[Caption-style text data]

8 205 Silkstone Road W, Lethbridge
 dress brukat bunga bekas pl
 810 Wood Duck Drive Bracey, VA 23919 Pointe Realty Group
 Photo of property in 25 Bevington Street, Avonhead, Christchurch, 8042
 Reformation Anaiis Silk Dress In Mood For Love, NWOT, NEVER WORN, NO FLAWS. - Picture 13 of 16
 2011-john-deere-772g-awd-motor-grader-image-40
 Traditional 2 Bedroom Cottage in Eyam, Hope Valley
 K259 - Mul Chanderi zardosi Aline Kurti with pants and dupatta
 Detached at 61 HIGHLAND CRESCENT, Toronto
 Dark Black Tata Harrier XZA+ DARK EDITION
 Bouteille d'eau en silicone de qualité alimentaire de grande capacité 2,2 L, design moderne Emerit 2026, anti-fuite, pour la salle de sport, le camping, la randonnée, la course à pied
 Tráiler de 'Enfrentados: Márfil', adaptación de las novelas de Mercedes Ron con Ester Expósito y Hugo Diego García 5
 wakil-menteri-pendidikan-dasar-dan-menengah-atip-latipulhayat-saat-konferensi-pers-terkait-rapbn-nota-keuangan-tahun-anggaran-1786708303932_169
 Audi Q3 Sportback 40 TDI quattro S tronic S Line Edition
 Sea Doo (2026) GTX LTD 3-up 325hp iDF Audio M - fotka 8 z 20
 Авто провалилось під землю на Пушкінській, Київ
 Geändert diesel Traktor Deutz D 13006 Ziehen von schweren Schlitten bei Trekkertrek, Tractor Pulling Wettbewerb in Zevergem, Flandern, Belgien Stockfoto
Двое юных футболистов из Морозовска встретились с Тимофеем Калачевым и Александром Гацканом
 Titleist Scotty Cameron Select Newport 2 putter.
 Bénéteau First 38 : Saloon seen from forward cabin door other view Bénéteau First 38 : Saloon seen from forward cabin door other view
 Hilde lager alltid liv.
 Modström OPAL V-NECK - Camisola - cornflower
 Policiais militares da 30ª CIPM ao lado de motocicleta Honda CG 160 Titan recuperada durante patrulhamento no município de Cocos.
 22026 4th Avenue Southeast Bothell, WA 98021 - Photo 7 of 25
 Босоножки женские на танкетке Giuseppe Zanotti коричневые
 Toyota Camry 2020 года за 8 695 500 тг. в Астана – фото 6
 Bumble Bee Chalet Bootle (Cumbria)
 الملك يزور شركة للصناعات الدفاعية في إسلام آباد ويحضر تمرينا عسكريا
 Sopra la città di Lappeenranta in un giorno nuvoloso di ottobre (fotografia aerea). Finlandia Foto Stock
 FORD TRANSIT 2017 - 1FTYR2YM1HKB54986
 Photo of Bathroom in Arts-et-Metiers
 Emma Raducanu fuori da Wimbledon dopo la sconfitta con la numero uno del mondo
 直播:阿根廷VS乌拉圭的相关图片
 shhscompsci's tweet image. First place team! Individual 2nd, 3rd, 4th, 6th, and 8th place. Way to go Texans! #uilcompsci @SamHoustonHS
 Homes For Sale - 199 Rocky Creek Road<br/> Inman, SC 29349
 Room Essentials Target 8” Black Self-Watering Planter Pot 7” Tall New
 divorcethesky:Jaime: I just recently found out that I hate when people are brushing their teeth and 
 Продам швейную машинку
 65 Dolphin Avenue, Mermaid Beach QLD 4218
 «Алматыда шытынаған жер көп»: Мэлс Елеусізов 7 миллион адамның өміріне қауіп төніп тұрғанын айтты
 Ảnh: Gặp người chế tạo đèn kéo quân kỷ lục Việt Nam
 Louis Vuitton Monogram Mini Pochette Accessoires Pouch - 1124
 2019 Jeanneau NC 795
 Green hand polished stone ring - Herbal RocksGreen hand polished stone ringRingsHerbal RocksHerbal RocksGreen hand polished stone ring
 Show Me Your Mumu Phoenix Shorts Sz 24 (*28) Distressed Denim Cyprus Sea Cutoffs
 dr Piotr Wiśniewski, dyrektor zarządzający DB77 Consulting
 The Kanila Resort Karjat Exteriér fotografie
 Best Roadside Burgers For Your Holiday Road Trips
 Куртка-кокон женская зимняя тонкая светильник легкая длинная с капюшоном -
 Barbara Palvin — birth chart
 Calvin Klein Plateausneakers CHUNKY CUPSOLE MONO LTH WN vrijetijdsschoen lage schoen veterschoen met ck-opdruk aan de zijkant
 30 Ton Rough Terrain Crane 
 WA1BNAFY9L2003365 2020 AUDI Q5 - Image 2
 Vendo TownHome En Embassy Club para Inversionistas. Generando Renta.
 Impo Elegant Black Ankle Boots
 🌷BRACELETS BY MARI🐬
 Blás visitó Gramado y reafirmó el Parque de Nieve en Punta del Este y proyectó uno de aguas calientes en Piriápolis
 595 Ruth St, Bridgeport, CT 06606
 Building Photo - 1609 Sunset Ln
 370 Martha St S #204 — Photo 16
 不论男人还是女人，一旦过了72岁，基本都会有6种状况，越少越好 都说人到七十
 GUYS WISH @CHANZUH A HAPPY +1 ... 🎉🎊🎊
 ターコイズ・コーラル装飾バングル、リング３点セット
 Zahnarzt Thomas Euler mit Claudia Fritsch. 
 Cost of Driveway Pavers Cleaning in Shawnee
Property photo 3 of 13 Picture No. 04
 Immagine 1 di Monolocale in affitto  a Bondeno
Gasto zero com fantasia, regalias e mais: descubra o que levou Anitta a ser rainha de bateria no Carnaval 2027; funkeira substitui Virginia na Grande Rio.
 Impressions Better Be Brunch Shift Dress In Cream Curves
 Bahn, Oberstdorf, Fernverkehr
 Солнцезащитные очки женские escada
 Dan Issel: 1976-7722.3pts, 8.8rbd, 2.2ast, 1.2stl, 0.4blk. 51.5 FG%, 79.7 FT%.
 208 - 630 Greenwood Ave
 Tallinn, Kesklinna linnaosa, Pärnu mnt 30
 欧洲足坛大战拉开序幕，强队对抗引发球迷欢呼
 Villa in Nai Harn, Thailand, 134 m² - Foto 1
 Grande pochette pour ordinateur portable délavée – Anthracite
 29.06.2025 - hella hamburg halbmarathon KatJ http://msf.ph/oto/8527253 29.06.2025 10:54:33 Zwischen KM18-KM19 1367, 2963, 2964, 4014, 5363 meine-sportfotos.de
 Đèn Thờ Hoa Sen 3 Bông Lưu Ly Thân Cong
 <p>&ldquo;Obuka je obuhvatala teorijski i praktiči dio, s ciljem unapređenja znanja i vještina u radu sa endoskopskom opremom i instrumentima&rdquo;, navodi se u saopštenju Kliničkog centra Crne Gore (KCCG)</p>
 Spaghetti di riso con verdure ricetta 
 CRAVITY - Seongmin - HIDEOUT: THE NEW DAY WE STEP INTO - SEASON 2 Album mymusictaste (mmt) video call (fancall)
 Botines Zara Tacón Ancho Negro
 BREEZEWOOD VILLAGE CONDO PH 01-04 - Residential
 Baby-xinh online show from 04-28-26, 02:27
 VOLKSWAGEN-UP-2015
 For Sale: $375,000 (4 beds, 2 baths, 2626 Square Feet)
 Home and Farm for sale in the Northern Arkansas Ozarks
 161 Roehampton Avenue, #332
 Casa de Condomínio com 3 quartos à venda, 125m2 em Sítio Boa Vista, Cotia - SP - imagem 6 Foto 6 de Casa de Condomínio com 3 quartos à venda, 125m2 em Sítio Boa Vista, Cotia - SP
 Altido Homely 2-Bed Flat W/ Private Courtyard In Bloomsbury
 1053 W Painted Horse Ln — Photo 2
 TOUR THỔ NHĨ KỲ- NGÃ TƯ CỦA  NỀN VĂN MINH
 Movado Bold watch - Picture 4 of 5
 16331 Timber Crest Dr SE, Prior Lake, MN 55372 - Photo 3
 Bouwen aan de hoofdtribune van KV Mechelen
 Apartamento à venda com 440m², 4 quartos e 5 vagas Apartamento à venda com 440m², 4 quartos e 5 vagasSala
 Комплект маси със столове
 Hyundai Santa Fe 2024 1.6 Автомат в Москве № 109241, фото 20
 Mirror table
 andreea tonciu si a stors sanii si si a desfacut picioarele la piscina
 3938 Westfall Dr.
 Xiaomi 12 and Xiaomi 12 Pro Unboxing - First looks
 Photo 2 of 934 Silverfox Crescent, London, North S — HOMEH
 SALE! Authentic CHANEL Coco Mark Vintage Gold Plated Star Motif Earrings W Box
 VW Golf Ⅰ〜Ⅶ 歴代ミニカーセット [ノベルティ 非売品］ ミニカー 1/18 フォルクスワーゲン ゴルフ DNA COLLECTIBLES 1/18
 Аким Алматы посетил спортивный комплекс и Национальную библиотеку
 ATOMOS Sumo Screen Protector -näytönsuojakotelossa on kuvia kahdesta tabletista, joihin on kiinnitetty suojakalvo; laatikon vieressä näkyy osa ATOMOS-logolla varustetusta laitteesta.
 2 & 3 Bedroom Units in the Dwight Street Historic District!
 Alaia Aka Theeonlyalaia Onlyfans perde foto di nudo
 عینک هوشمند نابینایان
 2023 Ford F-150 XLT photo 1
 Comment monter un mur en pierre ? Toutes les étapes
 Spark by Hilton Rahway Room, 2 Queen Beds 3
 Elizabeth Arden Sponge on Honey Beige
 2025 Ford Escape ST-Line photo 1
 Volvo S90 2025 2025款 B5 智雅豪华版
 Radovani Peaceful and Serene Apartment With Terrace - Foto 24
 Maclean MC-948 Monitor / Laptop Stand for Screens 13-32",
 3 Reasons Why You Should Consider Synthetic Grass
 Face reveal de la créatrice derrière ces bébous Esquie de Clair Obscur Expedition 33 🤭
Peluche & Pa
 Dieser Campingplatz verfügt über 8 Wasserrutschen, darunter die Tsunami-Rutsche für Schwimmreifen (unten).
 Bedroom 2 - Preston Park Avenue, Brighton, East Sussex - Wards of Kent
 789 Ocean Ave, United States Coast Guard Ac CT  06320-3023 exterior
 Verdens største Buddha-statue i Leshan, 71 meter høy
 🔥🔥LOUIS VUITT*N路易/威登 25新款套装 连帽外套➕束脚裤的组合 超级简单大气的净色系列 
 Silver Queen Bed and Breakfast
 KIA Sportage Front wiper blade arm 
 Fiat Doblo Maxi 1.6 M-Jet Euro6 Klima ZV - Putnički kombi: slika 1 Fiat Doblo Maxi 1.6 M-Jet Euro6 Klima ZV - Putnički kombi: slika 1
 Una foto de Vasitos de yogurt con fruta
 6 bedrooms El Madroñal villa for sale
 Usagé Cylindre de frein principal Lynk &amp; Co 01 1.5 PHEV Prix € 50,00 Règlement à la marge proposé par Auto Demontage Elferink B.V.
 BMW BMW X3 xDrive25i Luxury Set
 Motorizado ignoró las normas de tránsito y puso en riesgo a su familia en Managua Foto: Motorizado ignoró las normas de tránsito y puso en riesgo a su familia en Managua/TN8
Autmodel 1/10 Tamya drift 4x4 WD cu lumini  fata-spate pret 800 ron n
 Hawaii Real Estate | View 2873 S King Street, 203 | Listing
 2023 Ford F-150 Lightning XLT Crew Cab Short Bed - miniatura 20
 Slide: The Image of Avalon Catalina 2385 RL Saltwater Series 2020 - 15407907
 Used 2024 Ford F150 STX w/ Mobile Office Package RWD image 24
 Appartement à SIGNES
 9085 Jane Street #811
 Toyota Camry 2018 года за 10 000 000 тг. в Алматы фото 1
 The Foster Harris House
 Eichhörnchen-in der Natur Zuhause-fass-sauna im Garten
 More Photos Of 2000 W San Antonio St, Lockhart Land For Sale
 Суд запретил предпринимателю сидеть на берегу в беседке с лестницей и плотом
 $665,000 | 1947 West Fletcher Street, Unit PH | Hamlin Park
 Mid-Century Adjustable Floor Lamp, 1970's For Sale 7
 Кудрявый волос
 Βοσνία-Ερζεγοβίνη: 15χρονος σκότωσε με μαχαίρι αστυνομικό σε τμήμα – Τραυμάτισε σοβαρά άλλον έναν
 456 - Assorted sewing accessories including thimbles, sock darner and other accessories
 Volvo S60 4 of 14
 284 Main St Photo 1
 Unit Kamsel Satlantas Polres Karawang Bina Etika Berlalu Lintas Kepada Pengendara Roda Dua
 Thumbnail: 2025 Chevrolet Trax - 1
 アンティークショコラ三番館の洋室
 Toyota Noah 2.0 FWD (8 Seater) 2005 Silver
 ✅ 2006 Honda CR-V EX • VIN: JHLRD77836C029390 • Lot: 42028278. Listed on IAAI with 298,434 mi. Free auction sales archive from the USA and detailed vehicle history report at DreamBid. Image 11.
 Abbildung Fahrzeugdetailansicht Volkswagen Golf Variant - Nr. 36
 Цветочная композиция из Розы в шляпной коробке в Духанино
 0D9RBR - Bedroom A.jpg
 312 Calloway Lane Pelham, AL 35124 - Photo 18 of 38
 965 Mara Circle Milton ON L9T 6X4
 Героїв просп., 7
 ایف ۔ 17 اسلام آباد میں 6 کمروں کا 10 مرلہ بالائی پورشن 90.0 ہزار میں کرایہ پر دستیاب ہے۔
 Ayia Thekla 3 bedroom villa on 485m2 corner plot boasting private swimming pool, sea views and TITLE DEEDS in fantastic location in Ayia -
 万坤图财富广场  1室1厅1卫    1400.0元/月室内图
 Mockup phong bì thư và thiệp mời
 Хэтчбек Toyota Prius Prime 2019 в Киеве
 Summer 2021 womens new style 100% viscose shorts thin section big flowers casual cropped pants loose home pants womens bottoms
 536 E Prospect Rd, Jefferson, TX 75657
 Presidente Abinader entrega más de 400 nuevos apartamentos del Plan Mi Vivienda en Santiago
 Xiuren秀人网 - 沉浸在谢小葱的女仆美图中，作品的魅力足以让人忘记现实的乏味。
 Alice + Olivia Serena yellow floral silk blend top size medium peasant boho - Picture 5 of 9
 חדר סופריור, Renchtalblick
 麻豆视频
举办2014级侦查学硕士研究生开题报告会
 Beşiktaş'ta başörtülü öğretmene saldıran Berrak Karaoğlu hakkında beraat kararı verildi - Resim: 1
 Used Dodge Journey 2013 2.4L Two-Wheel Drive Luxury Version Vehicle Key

Work instruction >> The stretch of entries above that starts with the line containing "For Sale: $375,000" and goes on through the line containing "Verdens største Buddha-statue" is to be transcribed exactly, and no other line is to be transcribed.

Result of the exercise >>
 For Sale: $375,000 (4 beds, 2 baths, 2626 Square Feet)
 Home and Farm for sale in the Northern Arkansas Ozarks
 161 Roehampton Avenue, #332
 Casa de Condomínio com 3 quartos à venda, 125m2 em Sítio Boa Vista, Cotia - SP - imagem 6 Foto 6 de Casa de Condomínio com 3 quartos à venda, 125m2 em Sítio Boa Vista, Cotia - SP
 Altido Homely 2-Bed Flat W/ Private Courtyard In Bloomsbury
 1053 W Painted Horse Ln — Photo 2
 TOUR THỔ NHĨ KỲ- NGÃ TƯ CỦA  NỀN VĂN MINH
 Movado Bold watch - Picture 4 of 5
 16331 Timber Crest Dr SE, Prior Lake, MN 55372 - Photo 3
 Bouwen aan de hoofdtribune van KV Mechelen
 Apartamento à venda com 440m², 4 quartos e 5 vagas Apartamento à venda com 440m², 4 quartos e 5 vagasSala
 Комплект маси със столове
 Hyundai Santa Fe 2024 1.6 Автомат в Москве № 109241, фото 20
 Mirror table
 andreea tonciu si a stors sanii si si a desfacut picioarele la piscina
 3938 Westfall Dr.
 Xiaomi 12 and Xiaomi 12 Pro Unboxing - First looks
 Photo 2 of 934 Silverfox Crescent, London, North S — HOMEH
 SALE! Authentic CHANEL Coco Mark Vintage Gold Plated Star Motif Earrings W Box
 VW Golf Ⅰ〜Ⅶ 歴代ミニカーセット [ノベルティ 非売品］ ミニカー 1/18 フォルクスワーゲン ゴルフ DNA COLLECTIBLES 1/18
 Аким Алматы посетил спортивный комплекс и Национальную библиотеку
 ATOMOS Sumo Screen Protector -näytönsuojakotelossa on kuvia kahdesta tabletista, joihin on kiinnitetty suojakalvo; laatikon vieressä näkyy osa ATOMOS-logolla varustetusta laitteesta.
 2 & 3 Bedroom Units in the Dwight Street Historic District!
 Alaia Aka Theeonlyalaia Onlyfans perde foto di nudo
 عینک هوشمند نابینایان
 2023 Ford F-150 XLT photo 1
 Comment monter un mur en pierre ? Toutes les étapes
 Spark by Hilton Rahway Room, 2 Queen Beds 3
 Elizabeth Arden Sponge on Honey Beige
 2025 Ford Escape ST-Line photo 1
 Volvo S90 2025 2025款 B5 智雅豪华版
 Radovani Peaceful and Serene Apartment With Terrace - Foto 24
 Maclean MC-948 Monitor / Laptop Stand for Screens 13-32",
 3 Reasons Why You Should Consider Synthetic Grass
 Face reveal de la créatrice derrière ces bébous Esquie de Clair Obscur Expedition 33 🤭
Peluche & Pa
 Dieser Campingplatz verfügt über 8 Wasserrutschen, darunter die Tsunami-Rutsche für Schwimmreifen (unten).
 Bedroom 2 - Preston Park Avenue, Brighton, East Sussex - Wards of Kent
 789 Ocean Ave, United States Coast Guard Ac CT  06320-3023 exterior
 Verdens største Buddha-statue i Leshan, 71 meter høy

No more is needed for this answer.